A user cluster where you think each worker node will need 6 vCPUs, 16 GiB of RAM, and 40 GiB of storage. This user cluster will have 20 nodes. You want an HA control plane for this user cluster, so there will be three nodes in the admin cluster that serve as control planes for this user cluster. Each user-cluster-control plane node will be configured with 4 vCPUs and 8 GiB of RAM.
A second user cluster where you think each worker node will need 4 vCPUs, 8 GiB of RAM, and 40 GiB of storage. This user cluster will have eight nodes. You don't need an HA control plane for this user cluster, so there will be only one node in the admin cluster that serves as control plane for this user cluster. The user cluster control-plane node will be configured with 3 vCPUs and 5 GMiB of RAM.

Requirements for Resource Pool 1 and Datastore 1

Resource Pool 1 has reserved a portion of the CPU and RAM provided by the four ESXi hosts in Cluster 1. Resource Pool 1 must have enough CPU and RAM to meet the requirements of the admin workstation and the admin cluster. And Datastore 1 must have enough storage to meet the requirements of the admin workstation and the admin cluster.

The admin cluster has its own control-plane node, two nodes for add-ons, three nodes for the control plane of your first user cluster, and one node for the control plane of your second user cluster. So the admin cluster has seven nodes.

Diagram showing admin workstation and admin cluster

Recall that the admin workstation has these resource requirements:

Example: Admin workstation requirements
vCPU	4 vCPUs
RAM	8 GiB
Storage	50 GiB

The admin cluster has these resource requirements:

Example: Admin cluster requirements
vCPU	1 admin cluster control-plane node x 2 vCPUs/node + 2 add-on nodes x 4 vCPUs/node + 3 user cluster control-plane nodes x 4 vCPUs/node + 1 user cluster control-plane node x 3 vCPUs/node	25 vCPUs
RAM	1 admin cluster control-plane node x 4 GiB/node + 2 add-on nodes x 16 GiB/node + 3 user cluster control-plane nodes x 8 GiB/node + 1 user cluster control-plane node x 5 GiB/node	65 GiB
Storage	40 GiB for a VM template + 100 GiB for etcd object data + 240 GiB for Google Cloud Observability + 1 admin cluster control-plane node x 40 GiB/node + 2 add-on nodes x 40 GiB/node + 4 user cluster control-plane nodes x 60 GiB/node	740 GiB

The following table gives the total CPU, RAM, and storage requirements for the admin workstation and admin cluster. Resource Pool 1 and Datastore 1 must be able to provide these resources:

Example: Total requirements for Resource Pool 1 and Datastore 1
vCPU	29 vCPUs
RAM	73 GiB
Storage	790 GiB

Requirements for Resource Pool 2 and Datastore 2

Resource Pool 2 has reserved a portion of the CPU and RAM provided by the eight ESXi hosts in Cluster 2. Resource Pool 2 must have enough CPU and RAM to meet the requirements of both user clusters. And Datastore 1 must have enough storage to meet the requirements of both user clusters.

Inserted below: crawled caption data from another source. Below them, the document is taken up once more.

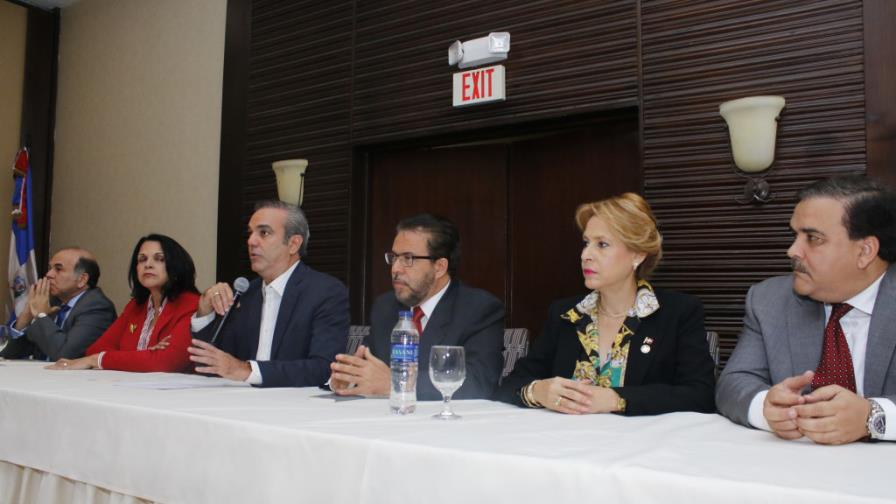 Pronostican dura oposición a Danilo Medina en los próximos cuatro años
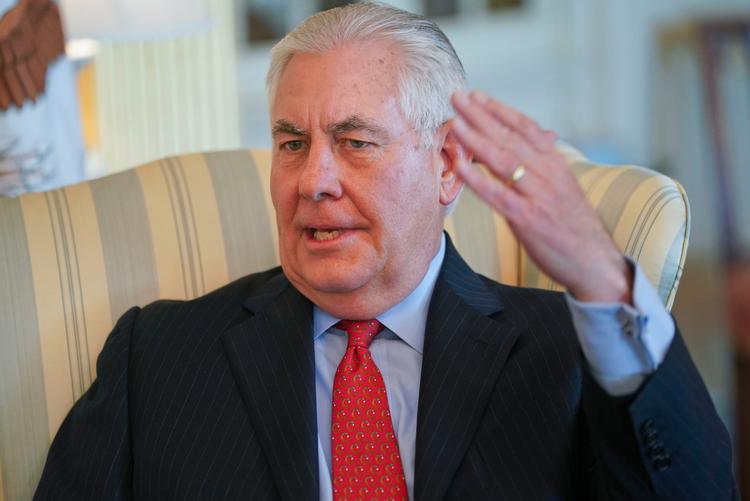 Udenrigsminister Rex Tillerson forsikrer i et interview med tv-stationen CNN, at han ikke har grund til at betvivle præsident Donald trumps mentale evner. En ny bog af journalisten Michael Wolff hævder ellers, at alle omkring præsidenten tvivler på, om præsidenten er ved sine fulde fem. 
    
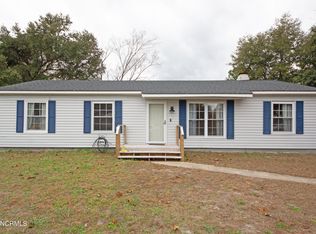 129 Freshwater Dr, Hubert, NC 28539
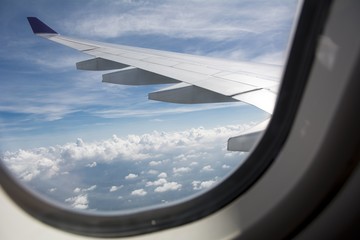 Fototapeta premium Aircraft Wing over Thai Gulf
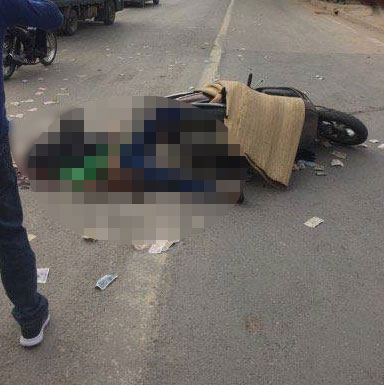 Hà Nội: Dân chặn xe bê tông cán tử vong cô gái trên phố - 1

Diagram showing two user clusters

The first user cluster has these resource requirements:

Example: First user cluster requirements
CPU	20 nodes x 6 vCPUs/node	120 vCPUs
RAM	20 nodes x 16 GiB/node	320 GiB
Storage	240 GiB for Google Cloud Observability + 20 nodes x 40 GiB/node	1,040 GiB

The second user cluster has these resource requirements:

Example: Second user cluster requirements
CPU	8 nodes x 4 vCPUs/node	32 vCPUs
RAM	8 nodes x 8 GiB/node	64 GiB
Storage	240 GiB for Google Cloud Observability + 8 nodes x 40 GiB/node	560 GiB

The following table gives the total CPU, RAM, and storage requirements for the two user clusters. Resource Pool 2 and Datastore 2 must be able to provide these resources:

Example: Total requirements for Resource Pool 2 and Datastore 2
CPU	152 vCPUs
RAM	384 GiB
Storage	1,600 GiB

Resource overcommitment

vSphere supports resource overcommitment, for example memory overcommitment and CPU overcommitment. So the total resources reserved by the resource pools in a cluster can be greater than the physical resources provided by the ESXi hosts in the cluster.

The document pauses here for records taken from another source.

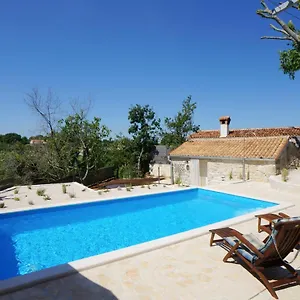 Alisia, Wunderschönes Natursteinhaus Bei Poreč, Istrien, Kroatien Ferienhaus Vranje Selo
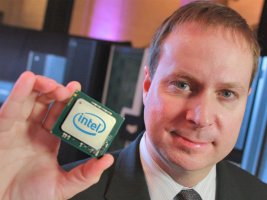 Kirk Skaugen drží procesor Intel Xeon 7500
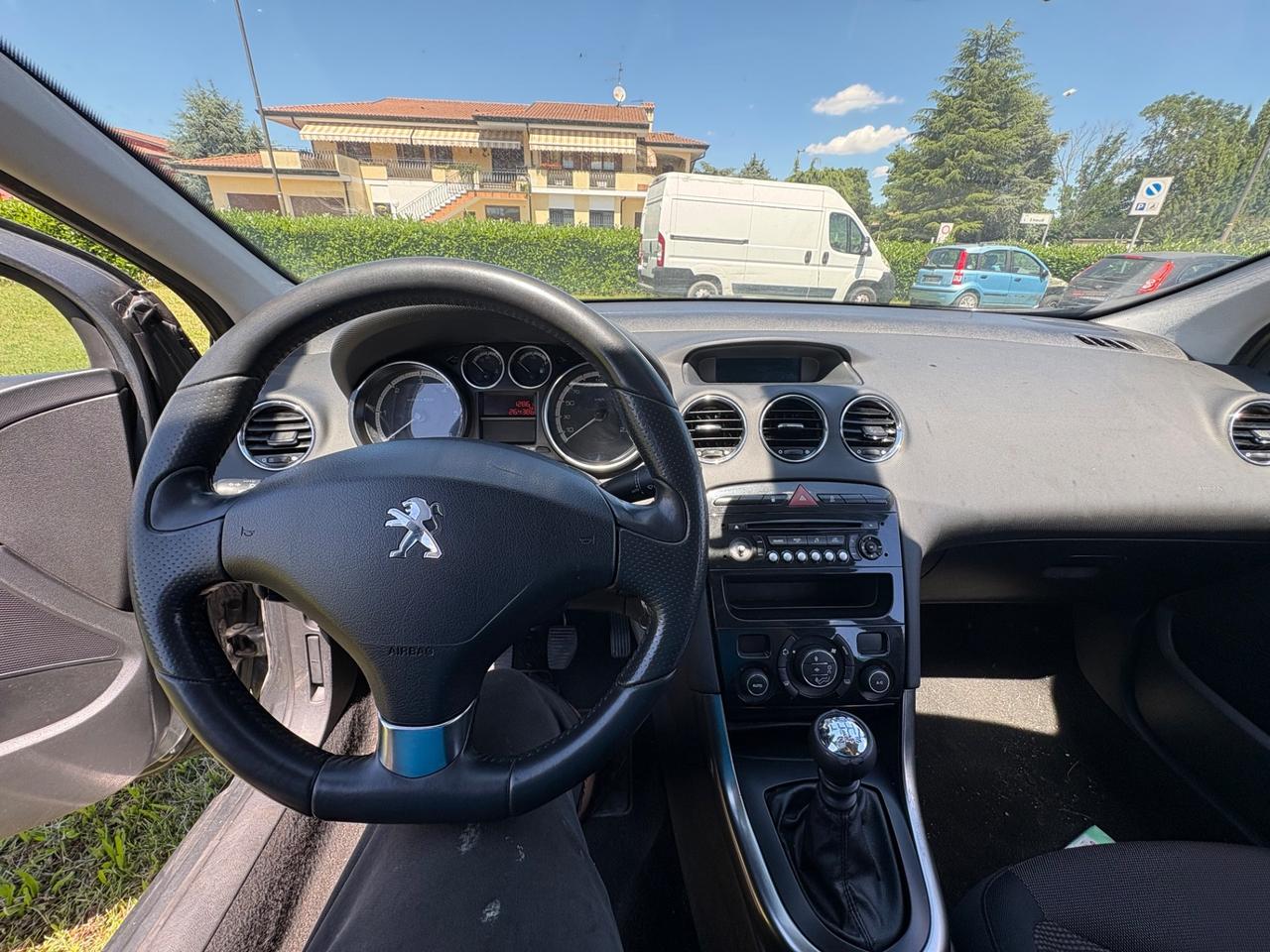 Peugeot 308 1.6 8V e-HDi 115CV Stop&Start SW Business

The requirements given in this document are for reserved virtual resources. For the minimum CPU, RAM, and storage requirements for a proof-of-concept demonstration, see Set up minimal infrastructure.

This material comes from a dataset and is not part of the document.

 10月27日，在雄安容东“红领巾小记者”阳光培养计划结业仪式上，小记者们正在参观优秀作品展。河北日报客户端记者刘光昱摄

Monitor resource contention

You should monitor resource contention signals to make sure that your resource pools and datastores can support your configured virtual resources. For more information, see Create a VM health status dashboard.

Disk provisioning

The following table shows the VMware thin and thick disk provisioning policies for different storage disks.

Storage disks	Size	Disk provision policy
Storage disks	Size	Default	User choice
Admin etcd	100 GB	Thin	No
User etcd	40 GB	Thin	No
Node OS/boot disk	40 GB - default and minimum (user configurable)	Thick (lazy zeroed)	No
Other (for example, logs)	240 GB	Thin	No
User workloads	—	Thin	Yes